Translated from Gujarat Pakistan Se, Gujarat Hindustan Tak by Daisy Rockwell, the introduction talks about the Sobti Magic. Here is an excerpt from there!
I. Sobti Magic
Krishna Sobti is a magical being. Everyone knows this. From her experimental prose to her legendary parties to her unique sense of style to her male alter ego, the writer ‘Hashmat’, everything about her is deeply considered and infused with her special warmth. I myself only had the opportunity to meet her in her nineties, but I consider myself much improved as a result. Perched on one of her sofas, strategizing when I might start asking her the meanings of particular words I wasn’t able to find in the dictionary that no one else seemed to know, stuffing myself with the never-ending delicacies emerging from the kitchen, worrying that I would not be up to the task of translating her novel, I suddenly started to understand the answers to my questions without ever asking some of them at all. To sit in her presence is to open the Sobti lexicon and immerse oneself in Sobti logic. Complex turns of phrase, confusing references, it all made sense once I was there. Translating Krishna Sobti and learning from her made me understand how to use my instincts and creativity to translate things that seemed untranslatable before, and it also taught me how read Sobti style.
II. Krishna Sobti Is Not Here to Tell You Stories
Yes, Krishna Sobti tells stories—interesting ones too—in her writing, and in conversation, but she has an equal if not greater interest in language and style. Her preferred forms have been the novella and the essay, and this is perhaps because she has sought to boil sentences, phrases and entire narratives into the smallest number of words possible. She claims she has never been a poet, but her prose resembles poetry more than anything else. She will often use the fewest words possible in a sentence, sometimes just one, if she can find the perfect fit. The words are carefully considered, weighed out and often very difficult to define or translate into English with just one equivalent word. Sobti’s use of language is experimental and central to her writing, and unlike many women authors, she is not terribly bothered if you don’t understand what she means, or if you cannot entirely follow the story. She is not writing to help you understand, she’s writing to reveal and learn what language can do.

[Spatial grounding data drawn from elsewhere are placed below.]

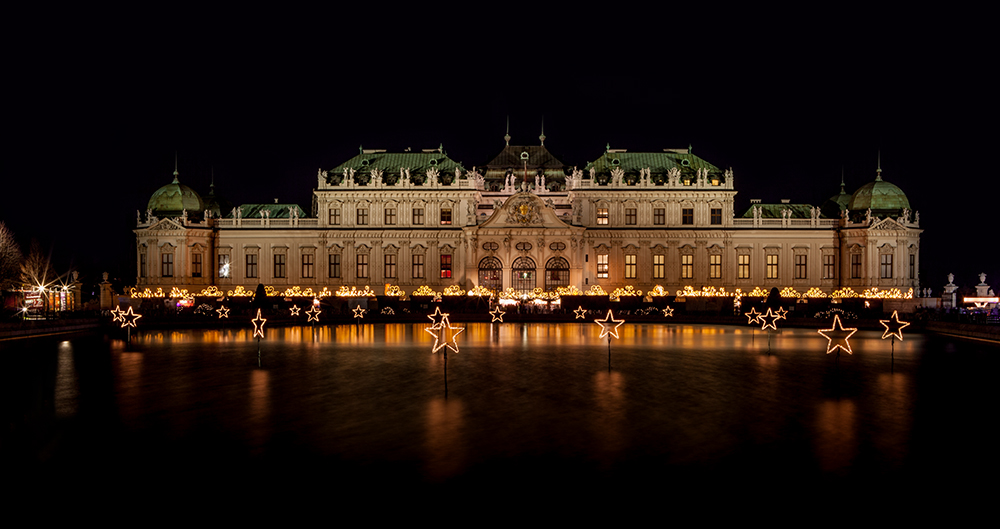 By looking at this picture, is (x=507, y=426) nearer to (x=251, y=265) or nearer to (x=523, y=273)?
(x=523, y=273)

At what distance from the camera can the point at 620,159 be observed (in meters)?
74.0

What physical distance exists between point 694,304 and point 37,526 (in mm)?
55156

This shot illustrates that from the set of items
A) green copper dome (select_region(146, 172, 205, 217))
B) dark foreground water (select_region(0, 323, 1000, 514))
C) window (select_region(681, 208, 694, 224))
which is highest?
green copper dome (select_region(146, 172, 205, 217))

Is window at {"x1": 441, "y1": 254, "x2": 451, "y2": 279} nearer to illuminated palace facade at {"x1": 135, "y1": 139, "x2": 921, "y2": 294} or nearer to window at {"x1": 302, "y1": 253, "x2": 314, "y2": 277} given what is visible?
illuminated palace facade at {"x1": 135, "y1": 139, "x2": 921, "y2": 294}

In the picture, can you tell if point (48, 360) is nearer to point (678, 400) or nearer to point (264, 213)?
point (678, 400)

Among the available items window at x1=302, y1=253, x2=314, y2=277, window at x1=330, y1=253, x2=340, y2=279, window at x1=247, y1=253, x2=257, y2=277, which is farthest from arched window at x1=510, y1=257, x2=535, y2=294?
window at x1=247, y1=253, x2=257, y2=277

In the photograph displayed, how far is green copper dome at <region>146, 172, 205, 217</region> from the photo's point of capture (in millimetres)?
71688

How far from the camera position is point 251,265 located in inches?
2852

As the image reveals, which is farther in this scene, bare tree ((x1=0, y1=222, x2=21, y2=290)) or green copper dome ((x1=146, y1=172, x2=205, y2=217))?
green copper dome ((x1=146, y1=172, x2=205, y2=217))

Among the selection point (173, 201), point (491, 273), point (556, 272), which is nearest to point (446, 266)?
point (491, 273)

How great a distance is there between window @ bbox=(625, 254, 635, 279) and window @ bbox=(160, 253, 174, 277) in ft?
149

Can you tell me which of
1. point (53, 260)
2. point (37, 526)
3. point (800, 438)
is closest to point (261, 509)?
point (37, 526)

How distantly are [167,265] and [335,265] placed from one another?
1632cm

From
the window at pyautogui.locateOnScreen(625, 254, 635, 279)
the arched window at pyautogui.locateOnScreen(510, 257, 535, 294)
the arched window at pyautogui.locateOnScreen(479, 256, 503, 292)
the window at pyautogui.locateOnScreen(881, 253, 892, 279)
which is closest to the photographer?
the window at pyautogui.locateOnScreen(881, 253, 892, 279) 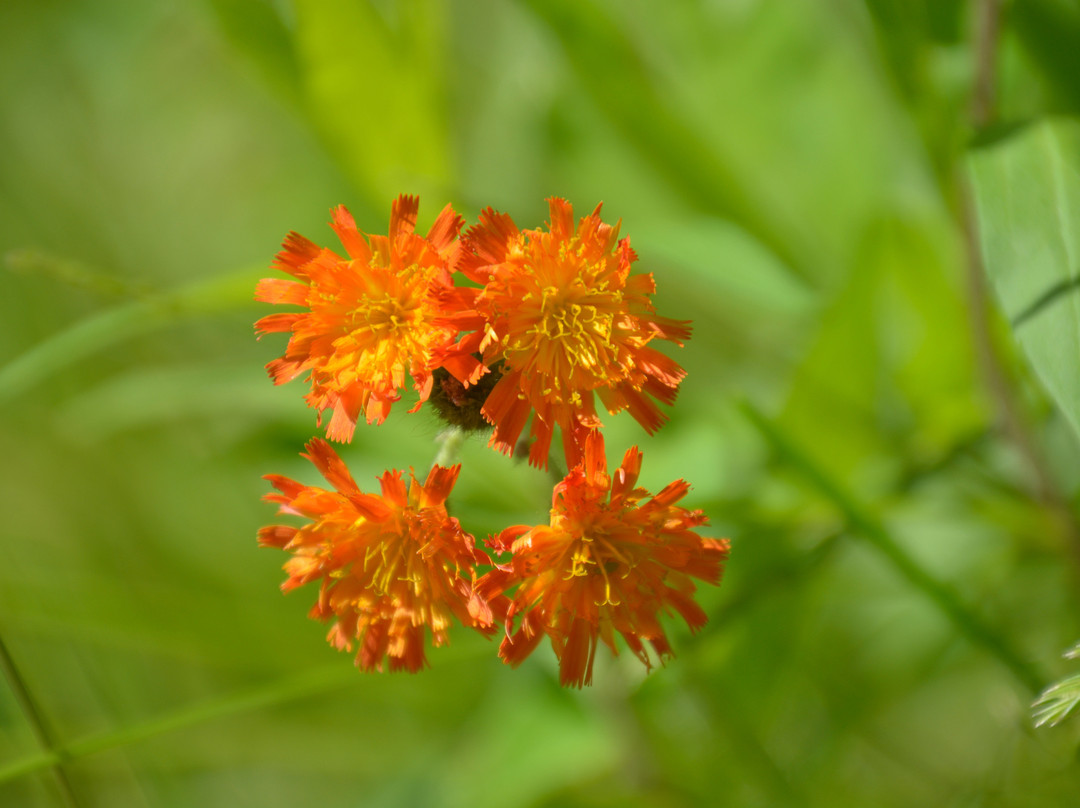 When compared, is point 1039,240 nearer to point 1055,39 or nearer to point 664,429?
point 1055,39

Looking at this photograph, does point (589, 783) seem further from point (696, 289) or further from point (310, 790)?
point (696, 289)

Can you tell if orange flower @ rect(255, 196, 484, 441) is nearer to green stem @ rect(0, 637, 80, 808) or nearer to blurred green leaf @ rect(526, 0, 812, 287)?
green stem @ rect(0, 637, 80, 808)

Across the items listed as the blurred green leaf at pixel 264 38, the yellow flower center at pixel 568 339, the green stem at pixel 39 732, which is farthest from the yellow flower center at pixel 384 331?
the blurred green leaf at pixel 264 38

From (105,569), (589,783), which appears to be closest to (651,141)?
(589,783)

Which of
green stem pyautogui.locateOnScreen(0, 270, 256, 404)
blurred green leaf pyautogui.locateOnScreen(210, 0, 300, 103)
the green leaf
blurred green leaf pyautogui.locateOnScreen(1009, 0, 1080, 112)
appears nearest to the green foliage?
the green leaf

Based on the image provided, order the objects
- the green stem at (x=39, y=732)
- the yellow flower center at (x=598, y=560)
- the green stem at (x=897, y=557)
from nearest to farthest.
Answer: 1. the yellow flower center at (x=598, y=560)
2. the green stem at (x=39, y=732)
3. the green stem at (x=897, y=557)

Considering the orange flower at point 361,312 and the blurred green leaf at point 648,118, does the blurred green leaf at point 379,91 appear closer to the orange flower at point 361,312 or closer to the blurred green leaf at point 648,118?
the blurred green leaf at point 648,118
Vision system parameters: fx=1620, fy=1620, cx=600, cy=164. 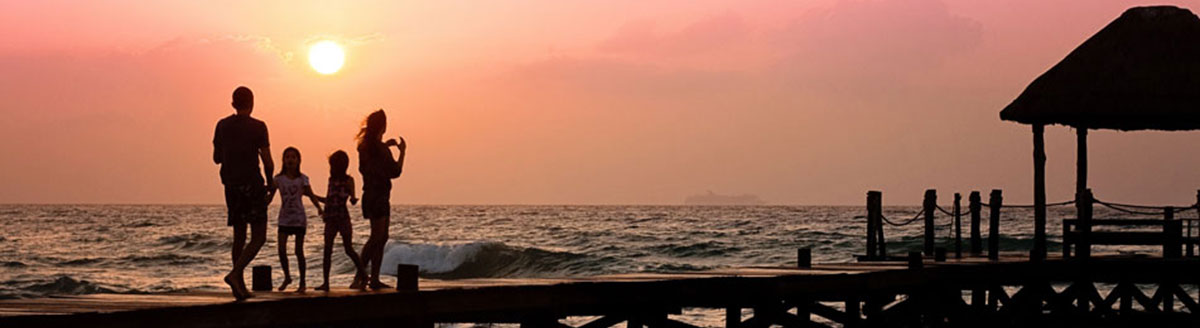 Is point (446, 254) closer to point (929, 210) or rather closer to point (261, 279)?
point (929, 210)

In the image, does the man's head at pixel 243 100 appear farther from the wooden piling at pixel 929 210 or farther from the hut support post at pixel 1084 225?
the wooden piling at pixel 929 210

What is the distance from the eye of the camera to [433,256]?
61812 millimetres

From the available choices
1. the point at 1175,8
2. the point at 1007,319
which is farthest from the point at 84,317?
the point at 1175,8

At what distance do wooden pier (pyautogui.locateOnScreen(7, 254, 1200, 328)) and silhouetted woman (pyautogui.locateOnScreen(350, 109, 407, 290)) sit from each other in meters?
0.59

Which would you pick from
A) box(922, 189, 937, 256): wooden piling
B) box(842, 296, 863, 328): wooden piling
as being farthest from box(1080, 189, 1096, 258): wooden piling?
box(842, 296, 863, 328): wooden piling

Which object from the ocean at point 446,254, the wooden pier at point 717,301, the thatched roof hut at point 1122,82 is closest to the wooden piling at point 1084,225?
the wooden pier at point 717,301

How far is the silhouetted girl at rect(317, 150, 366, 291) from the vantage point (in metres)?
12.8

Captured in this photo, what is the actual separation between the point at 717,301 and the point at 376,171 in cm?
419

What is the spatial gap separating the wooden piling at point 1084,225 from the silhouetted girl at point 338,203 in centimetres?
1155

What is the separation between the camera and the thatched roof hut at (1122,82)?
2170 centimetres

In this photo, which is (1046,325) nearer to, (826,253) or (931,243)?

In the section of A Gujarat Here, A Gujarat There that most resembles poetry, Sobti talks of Partition in a stream of words and phrases, interspersing her own family’s experiences with observations about refugees and migrants. In these particular lines, so spare and elegant, Sobti enters the minds of the mobs, the migrants, those fleeing and those chasing, those attacking and those under attack:
Who’s the sinner?
Who’s the criminal?
Who is witness to the crime?
One dagger-plunging hand. Another, match-striking,
lighting an oil-soaked rag.
One stands far off, gathering a crowd.
A clutch of terrified men and women holding their breath in
a jungle of half-dead, frightened voices: They just came—we
just went—we just died—don’t make a sound. Let them pass by.
Piles upon piles of corpses, mounting ever higher.
A wake of vultures roots about.
Rings on hands grown cold; necklaces encircle throats.
Where other authors have spilled buckets of ink writing histories and novels about the Partition, Sobti attempts to use the smallest amount of ink possible, to cut the story of migrancy and violence down to the bone. Even Manto rarely managed so few words in his Siyah Hashiye (Black Borders), his ultra-short stories of the Partition.